W tej chwili Farrah przeszła już w stadium terminalne, co oznacza, że są to jej ostatnie chwile. Mimo to cały czas pozawala na uczestnictwo kamer w swoim cierpieniu. Nie przejmuje się tym, że leży w szpitalnej pidżamie, oczywiście bez makijażu i wymęczona lekami oraz bólem.

Reklama

PRZEJMUJĄCY DOKUMENT

Początkowo zaczęła nagrywać rozmowy z lekarzami, gdy jeździła na eksperymentalne leczenie do Niemiec – chciała po prostu pamiętać wszystko, co jej mówili.
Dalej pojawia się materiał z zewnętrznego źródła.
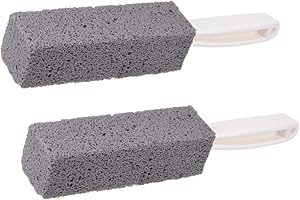 SIVENKE Toilet Bowl Pumice Cleaning Stone with Handle Rust Grill Griddle Cleaner Fine Grit, Sturdy, High Density (2 Pack)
Potem materiał zaczął przekształcać się w dokument i do akcji wkroczyła stacja NBC.

W powstawaniu filmu aktywnie uczestniczy też Ryan O’Neal, długoletni partner Farrah. Cały czas wierzył, że w końcu uda się jej pokonać chorobę. W końcu już raz, w 2006 roku wydawało się, że aktorka wróci na dobre do zdrowia. Kolejny nawrót choroby okazał się jednak bardzo poważny. Kilka lat temu Ryan zachorował na białaczkę, ale z pomocą partnerki udało mu się pokonać chorobę.

Jak to możliwe, że aktorce nie przeszkadzały kamery nawet wtedy, gdy wyła z bólu czy wymiotowała po chemioterapii? O’Neal podkreśla, że Farrah żyła z kamerami od 19 roku życia, więc nie robiło to na niej wrażenia. Poza tym, w takiej chwili nie ma to już znaczenia.

RODZINA NAZNACZONA PIĘTNEM



W tym momencie zaprzestano już leczenia aktorki, do śmierci pozostanie ona w swoim domu w Los Angeles. Syn aktorskiej pary, 24-letni Redmond niestety pewnie już nigdy nie zobaczy matki. Od kwietnia przebywa bowiem w więzieniu za posiadanie narkotyków – o czym zresztą Farrah nie ma podobno pojęcia. Jego ojciec ma nadzieję, że determinacja matki w walce o życie pomoże chłopakowi poradzić sobie z uzależnieniem.